Las causalidades de la violencia en México son múltiples. Sin embargo, además de la criminalización de los pobres desatada desde el 2006 en aras de despojar los recursos naturales ubicados en los territorios donde radican las poblaciones violentadas desde ese Estado policial o securitario, en el último año, con la alternancia en las élites políticas, esta violencia criminal no cesó, sino que registró una tendencia a la alza y ésta pasó a formar parte de los mecanismos de desestabilización sociopolítica adoptados por la élite tecnocrática perdedora en el proceso electoral 2017/2018. Como las casualidades no existen en las relaciones de poder y en su conflictiva construcción, cabe argumentar que estas masivas muertes fueron "sembradas" por los agentes de un Estado profundo y clandestino que aún controla el aparato policíaco/militar y represivo. Mientras la élite que actualmente detenta el poder político, no sea capaz de someter a ese Estado profundo controlado por poderes fácticos variables que hicieron de la violencia estatal y criminal un negocio con tentáculos transnacionales, la muerte y la sangre serán un signo que cargará la presente administración, con el consustancial descrédito y pérdida de legitimidad que ello supone.
Aparejado a lo anterior y a las múltiples manifestaciones de la violencia criminal, las ausencias del Estado mexicano –de nueva cuenta– se manifiestan en una población juvenil que, en su desamparo, es reclutada por el crimen organizado para el despliegue de sus labores operativas. Se calcula que para el 2018, alrededor de 460 mil niños y jóvenes trabajaban para organizaciones criminales, sea de manera voluntaria o forzada. En tanto que 101 mil menores fueron recluidos en penales federales por la comisión de distintos delitos, entre ellos el homicidio. La desatención y hasta desprecio respecto a menores de 18 años es tal, que ni los programas "Sembrando Vida" y "Jóvenes Construyendo el Futuro" les consideran con parte de sus estrategias de intervención. Esta pérdida de sentido en la juventud se expresa, de manera extrema, en una generación desechable –parte de la cultura del descarte y de la civilización del desperdicio– que vive de manera acelerada y es presa de la muerte violenta a temprana edad. "Más vale tres días con dinero y morir joven, que llevar una vida entera de jodido", sería la frase que engloba esta alarmante situación.
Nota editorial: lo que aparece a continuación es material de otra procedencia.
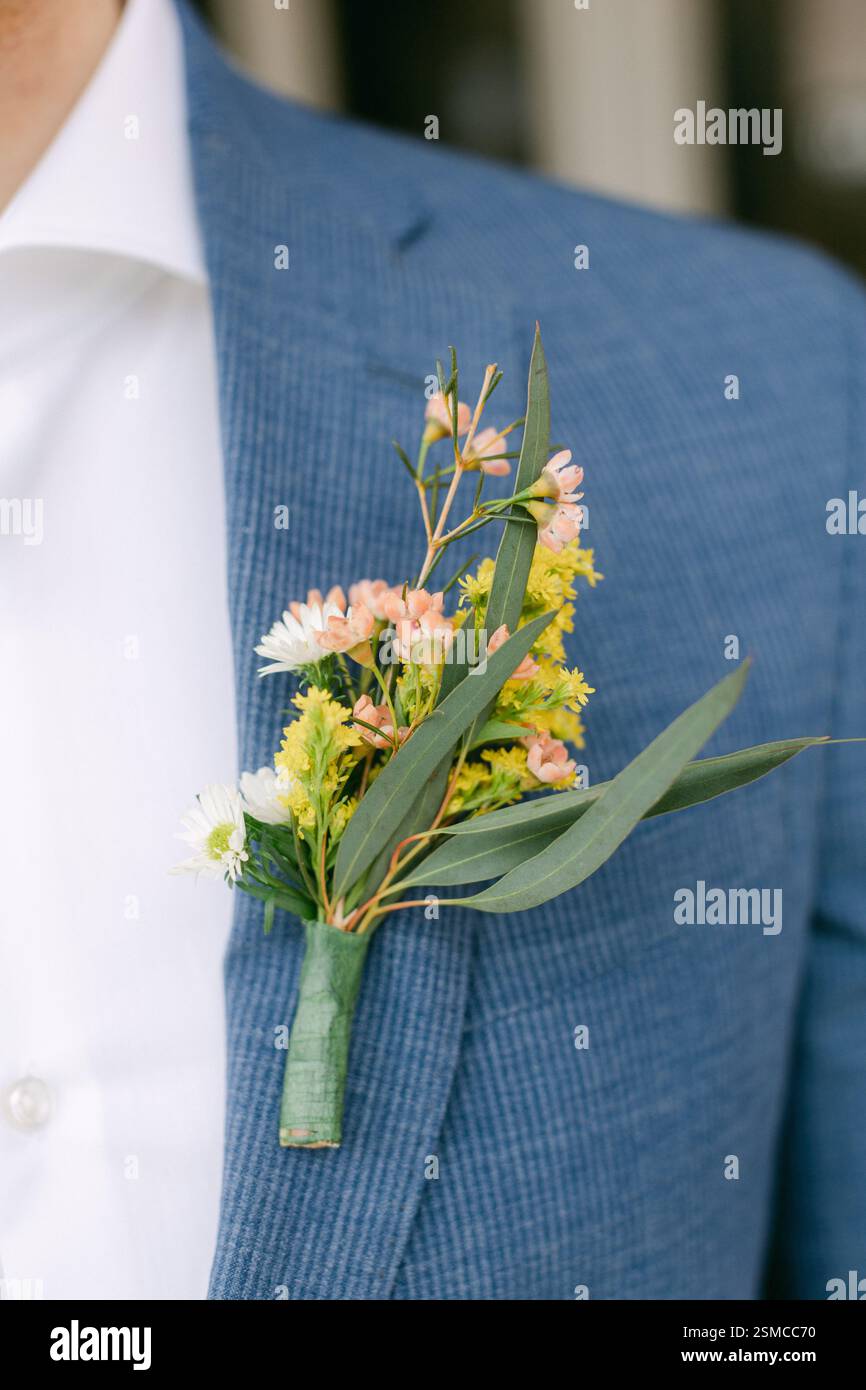 Une boutonnière élégante de fleurs roses et jaunes est épinglée à une veste de costume bleue, ajoutant une touche d'élégance. Banque D'Images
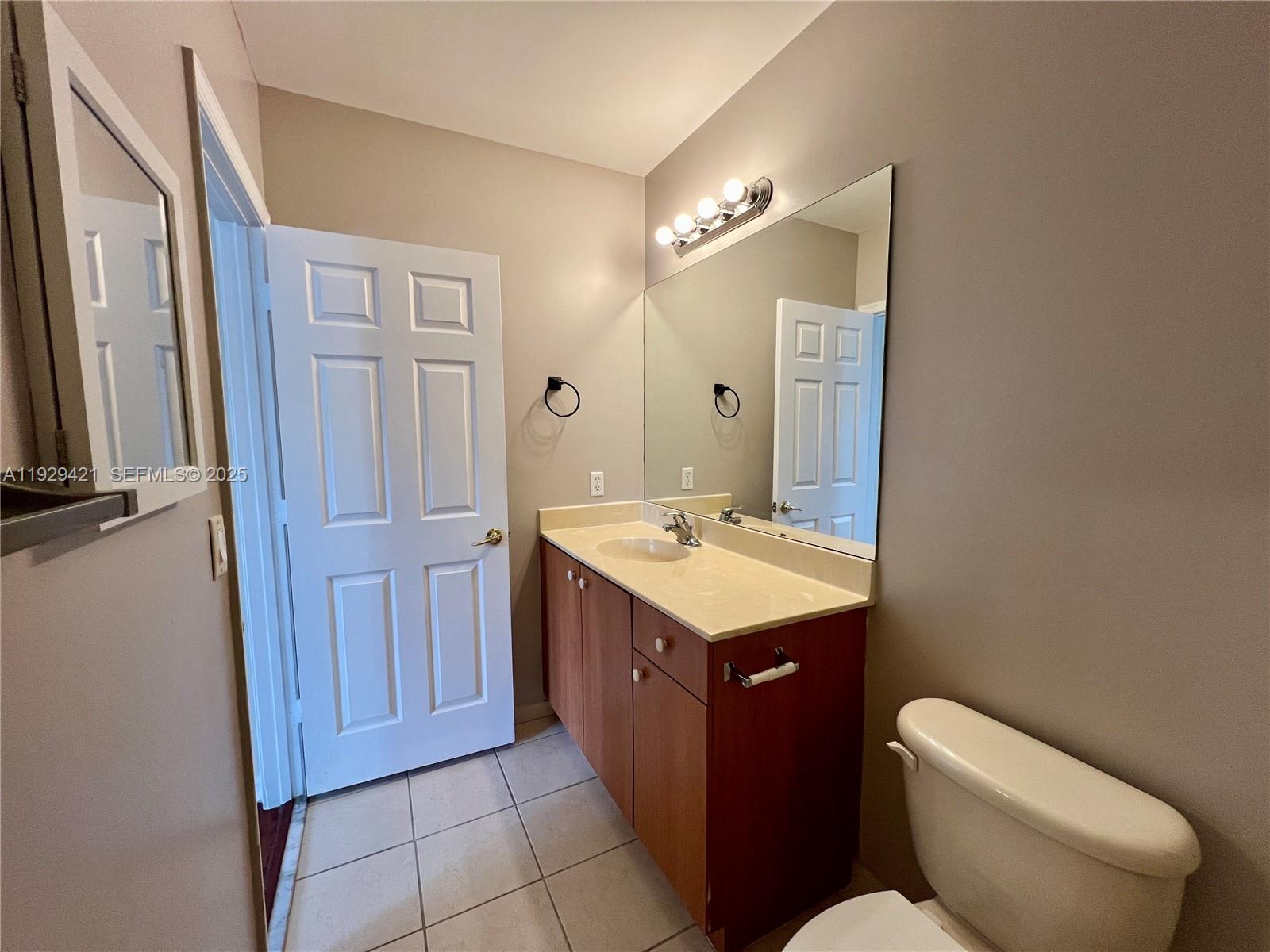 8208 Southwest 29th Street, Unit 101 Miramar, FL 33025 - Photo 11 of 19 a bathroom with a toilet sink and mirror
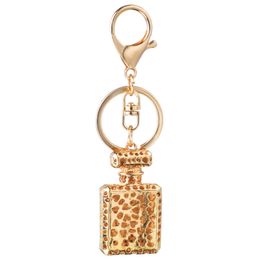 Design de mode porte-clés bouteille de parfum porte-clés pour femmes créatif cristal strass diamant métal voiture porte-clés chaîne sac pendentif cadeau bon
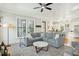 Cozy living area flows into kitchen with gray sofa and ample natural light at 425 Mccants Dr, Mount Pleasant, SC 29464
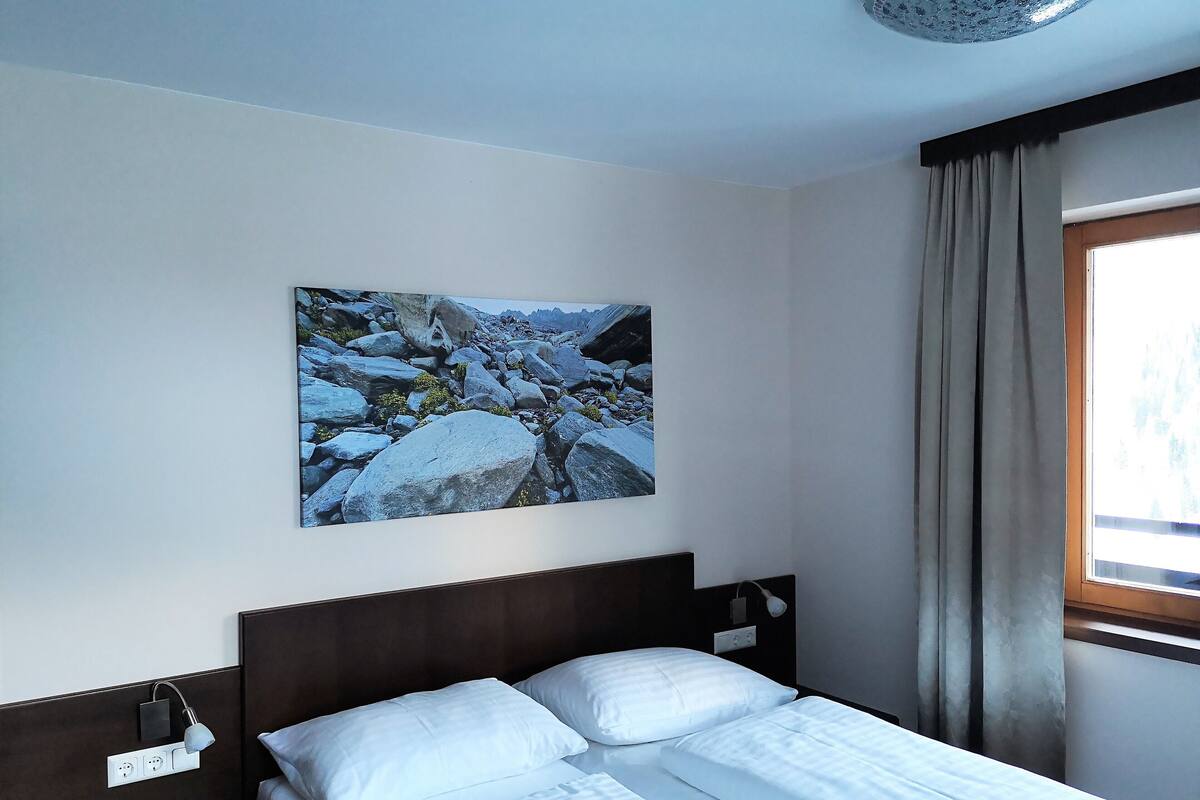 A hotel room with a bed, a wall-mounted lamp, and a painting of a rocky landscape.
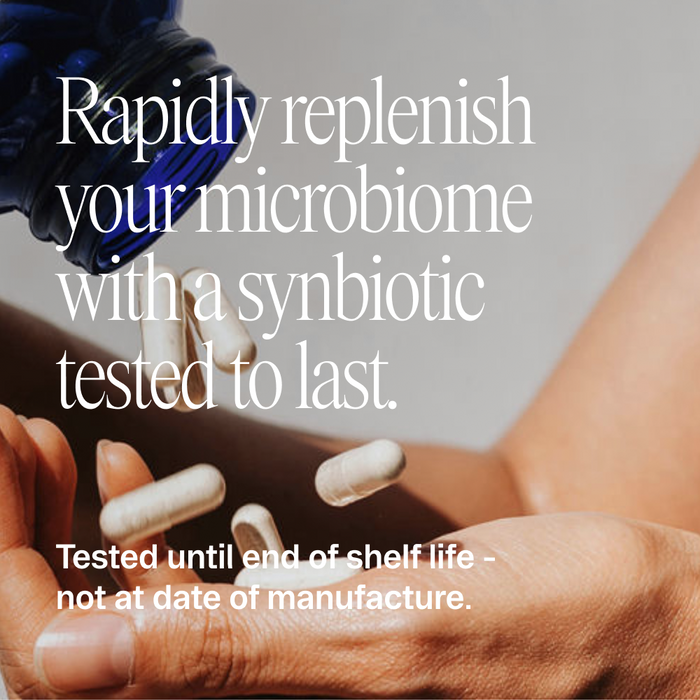 A hand pours white capsules from a blue Ora Organic bottle onto a palm, highlighting Trust Your Gut: High Potency Pre + Probiotic Capsules for microbiome health and recovery.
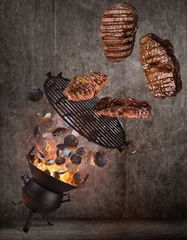 Foto op Canvas Kettle grill with hot briquettes, cast iron grate and tasty beef steaks flying in the air. High resolution image. © Lukas Gojda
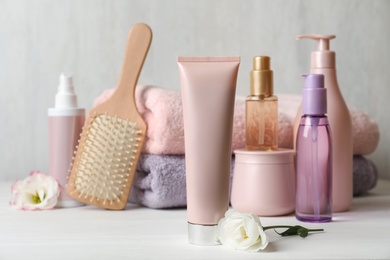 Photo of Composition with hair products and flowers on white wooden table
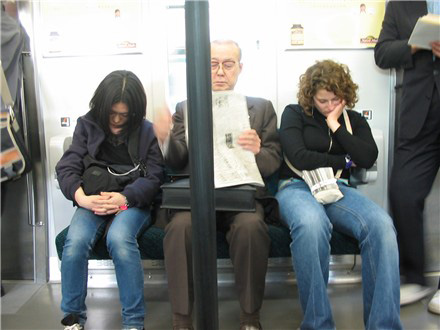 people sleeping on subway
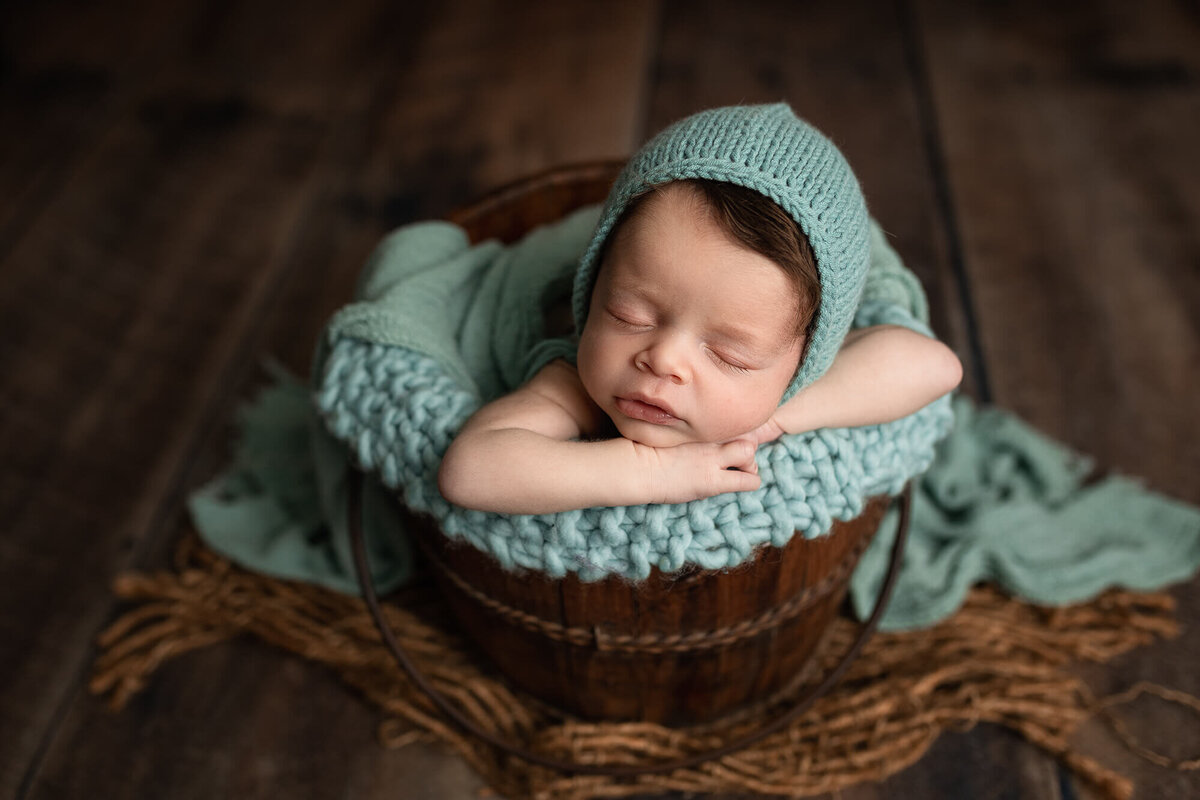 Baby boy in a wooden bucket during his baby photos session in New Ulm, Minnesota.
Los anteriores son tres problemas públicos inmediatos, vividos a flor de piel por la población, que se fusionan con otros de corte estructural y coyuntural, y que evidencian la ausencia de instituciones que contribuyan a la construcción de alternativas. La desestructuración del mercado interno; el ejercicio patrimonialista del espacio público; la corrupción y la impunidad; la ineficacia y limitada cobertura del sistema público de salud; un sistema educativo desfasado de los problemas sociales; la exclusión social; un campo laboral precario y estrecho; el desempleo y la pobreza; entre otros más, son manifestaciones de la incapacidad de un Estado postrado que, desde hace décadas, renunció a las funciones que le dan sentido a sus mecanismos de intervención y al cumplimiento de mínimos imperativos de bienestar social. Sin un Estado hiperactivo, dotado de diagnósticos y estrategias certeras y eficaces, la sociedad mexicana perpetuará su orfandad, al tiempo que postergará las transformaciones anunciadas.